After arriving home we see her kick off her ruby slippers and enjoy a bowl of ice cream on the sofa while her dog, who looks an awful lot like Toto, watches. In a nice touch, a card on the fridge reads: ‘There’s no place like home’.

My favourite ad that leverages The Wizard of Oz is one for M&M’s that dates back to New Year’s Eve 2003. Much like the Halifax campaign, this mixes existing footage with new material, this time animation. The 30-second spot by BBDO inserts three M&M characters into the truly iconic end scene, changing Judy Garland’s lines slightly to highlight a world where M&M’s don’t have colour.

In 2009 Chips Ahoy cast a cookie as the star of its spot, replacing Dorothy but ultimately being eaten. The campaign by DraftFCB was all-new animation, using thematic elements and character likeness.

General Electric has also tapped the timeless film for its Smart Grid technology. In 2009 it launched a Super Bowl spot that featured the character of the Scarecrow singing his famous tune ‘If Only I Had a Brain’.

This, again, came from BBDO New York, whose creatives seem to have a soft spot for the 1939 film.

More recently, in 2015 Xfinity launched a campaign during the Oscars that was a very unique approach to The Wizard of Oz. The 60-second spot shows Emily, a seven-year-old girl born blind, who describes what she pictures when she watches the film. It was very well received and gathered a number of industry accolades for agency Goodby, Silverstein & Partners New York

Not all brands have nailed it, however. In 2000 FedEx pulled its Wizard of Oz-themed commercial because it was seen to encourage children to breathe in inhalants. The spot debuted during the Super Bowl and featured the Lollipop Guild using helium balloons to get their high-pitched voices back.

This caught the attention of the National Inhalant Prevention Council’s director, who stated that the ad suggested “it was OK for young people to put some sort of gas into your body”.

So, the question beckons – what is it about The Wizard of Oz that makes it such a popular choice for advertising?

At Born Licensing we often work on campaigns that license films, television shows and characters in one way or another. A lot of scripts and concept materials that are shared with us find ways to leverage elements that have nostalgic appeal.

For example, the characters of the latest Moneysupermarket campaigns (He-Man, Skeletor, and now Action Man) come with an existing awareness across generations. They are bursting with cherished memories, taking the viewer back to earlier times in their lives such as their childhood.

Similarly, The Wizard of Oz is one of those films that has universal appeal. Kids love it. Grannies love it. And everyone in-between loves it. It’s timeless, and a lot of the elements in the story are still relevant today.
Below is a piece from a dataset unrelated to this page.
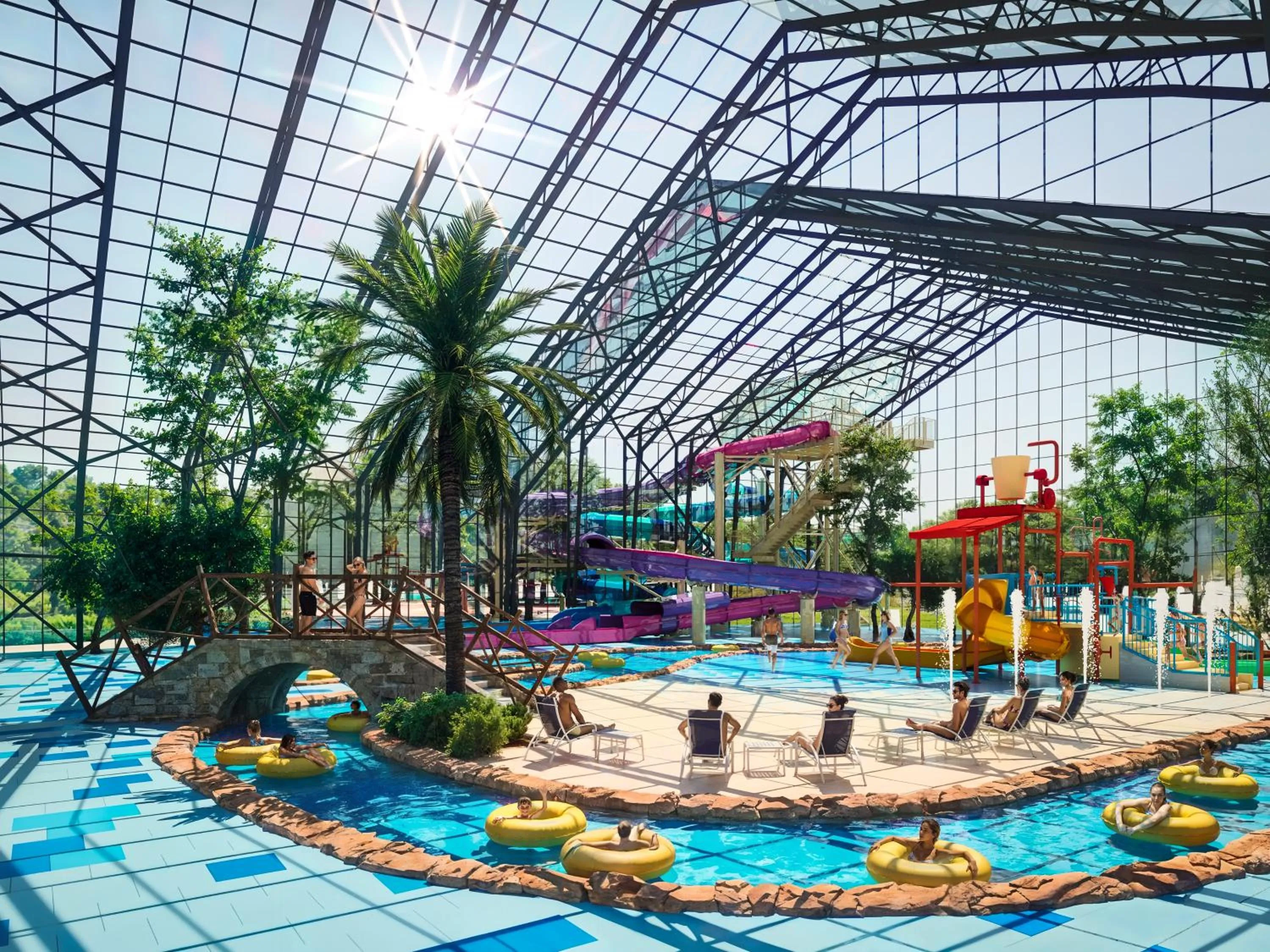 Aqua park in Amadria Park Camping Sibenik Mobile Homes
An advertiser that finds a way to creatively tap an iconic film like this will reap the rewards. It will likely be talked about and shared on social media. However, it does come with some risk. Consumers can be quite sensitive to seeing their favourite movies and characters being tied in to a product. It must be done right, while showing respect to the adoring fans.

Here’s hoping that the new Halifax campaign will be placed in the pile of great The Wizard of Oz advertisements, rather than alongside the work of FedEx.

David Born has been in the world of character licensing for over 10 years. He has held senior positions at Warner Bros and Cartoon Network, and currently runs Born Licensing.